Brief descriptive captions
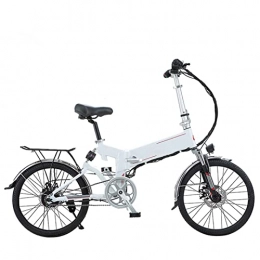 Electric oven Electric Bike Electric Bike Foldable for Adults Electric Bicycle 350W 34V Small Electric Moped 20 Inch Folding Electric Bike (Color : White 80KM)
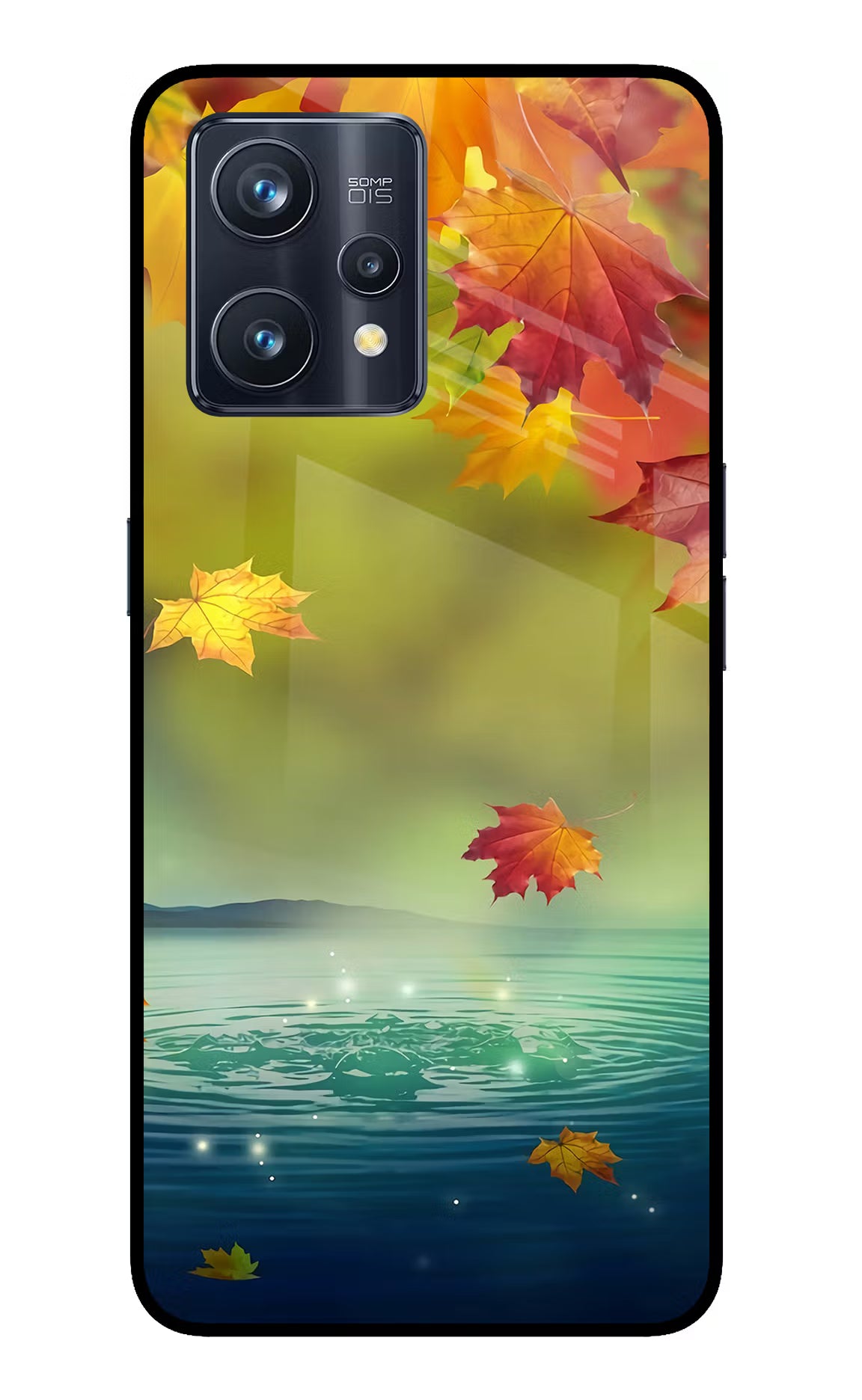 Flowers Realme 9 Pro+ 5G Glass Case - Flowers Realme 9 Pro+ 5G Glass Case Flowers Realme 9 Pro+ 5G Glass Case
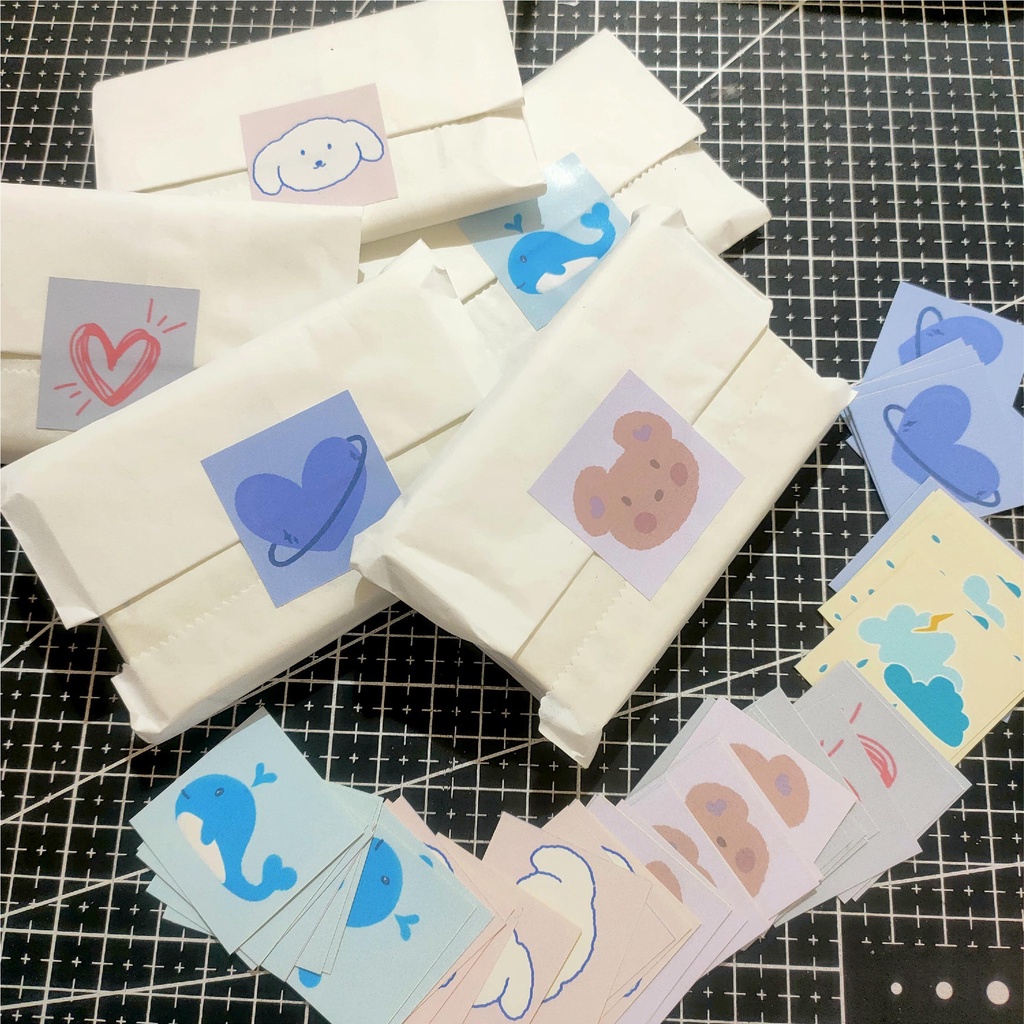 Stiker sticker aethetic / seal random (kalau mau request chat dulu)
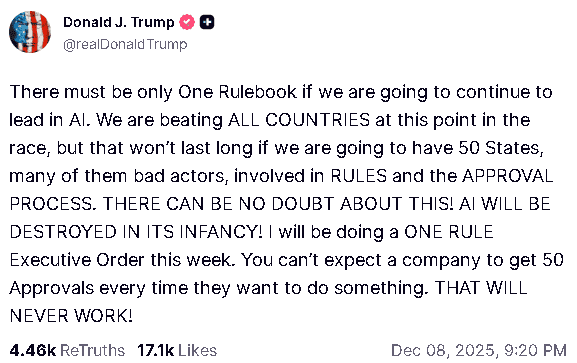 【匯金油整理】川普:「開放H200對中銷售,2類別除外!」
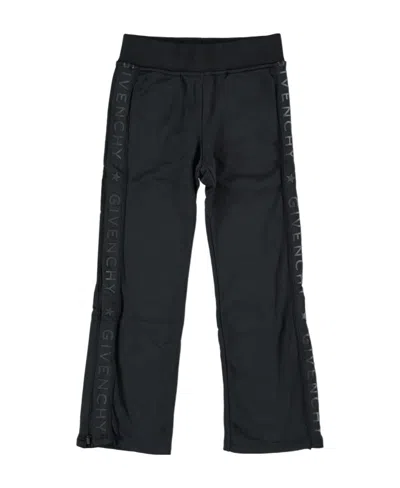 Givenchy Branded Sides Straight Trousers In Black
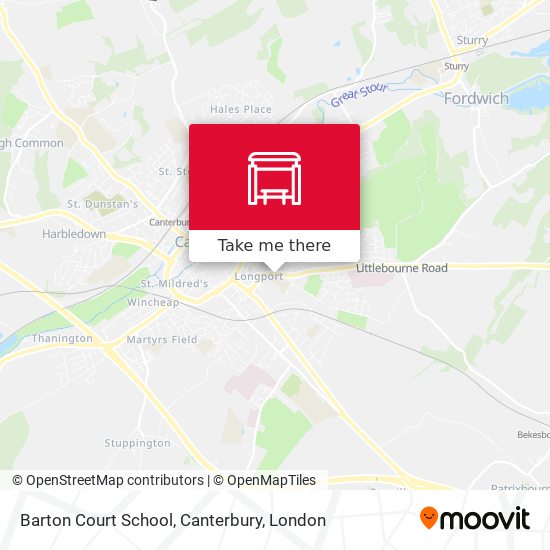 Barton Court School, Canterbury map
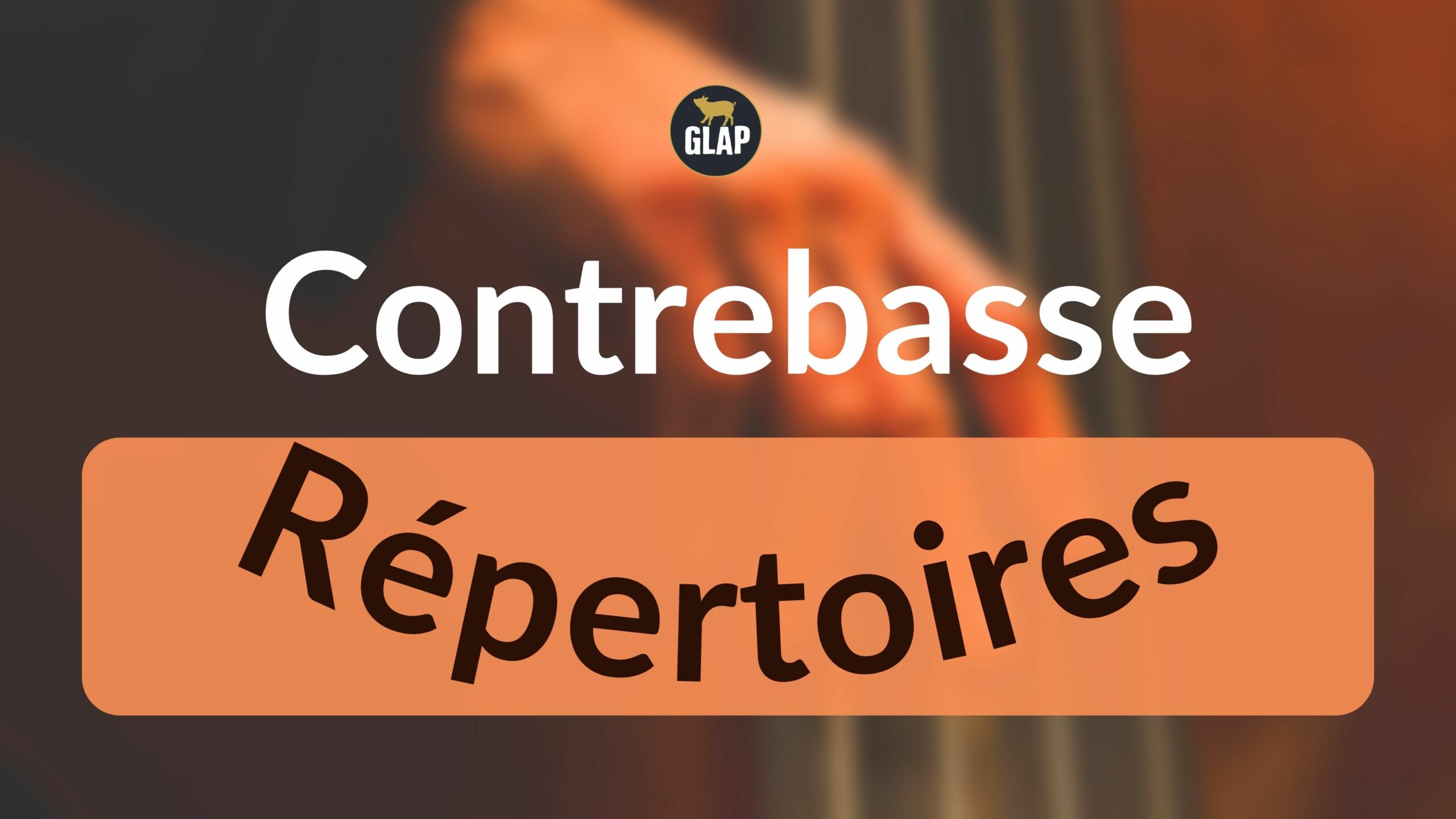 Répertoires à la contrebasse
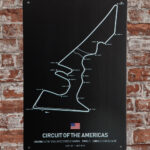 Metalen bord Circuit of the americas — foto 2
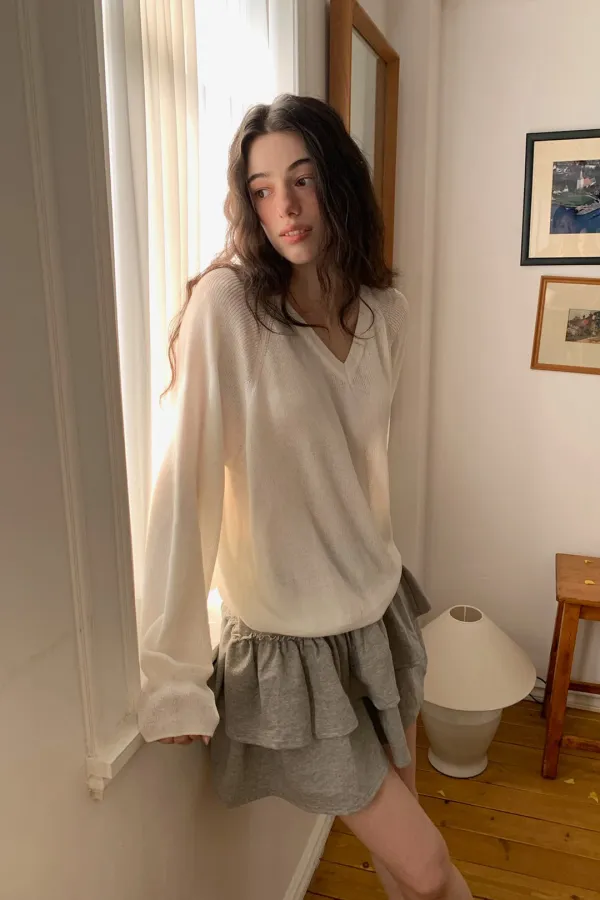 Breeze Knitsweater / White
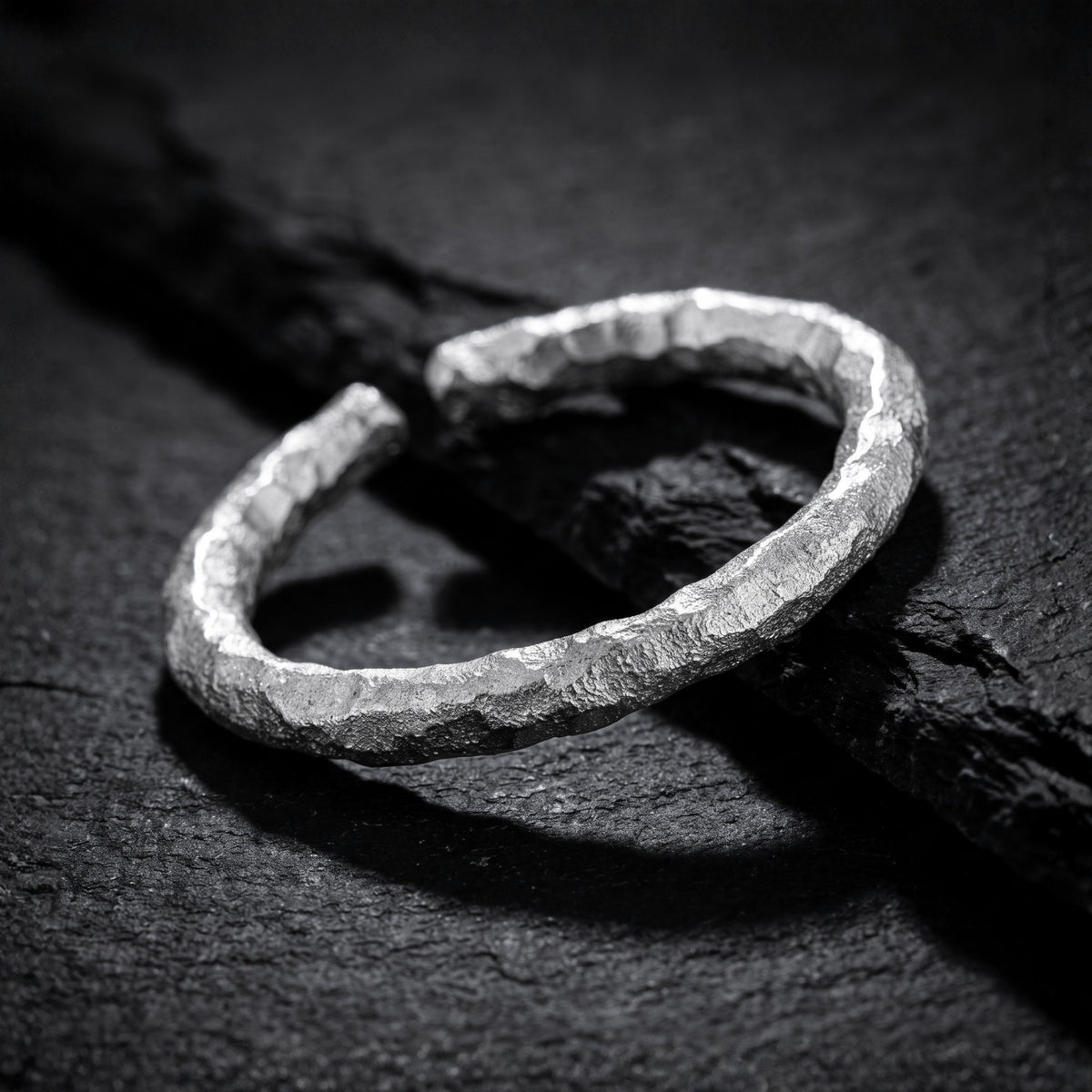 The Forge Hammered Open Ring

# TASK DIRECTIONS
Give back exactly the lines from the one with "Stiker sticker aethetic" through the end of the records above, inclusive, and omit any pictures.

# COMPLETED TASK
 Stiker sticker aethetic / seal random (kalau mau request chat dulu)
 【匯金油整理】川普:「開放H200對中銷售,2類別除外!」
 Givenchy Branded Sides Straight Trousers In Black
 Barton Court School, Canterbury map
 Répertoires à la contrebasse
 Metalen bord Circuit of the americas — foto 2
 Breeze Knitsweater / White
 The Forge Hammered Open Ring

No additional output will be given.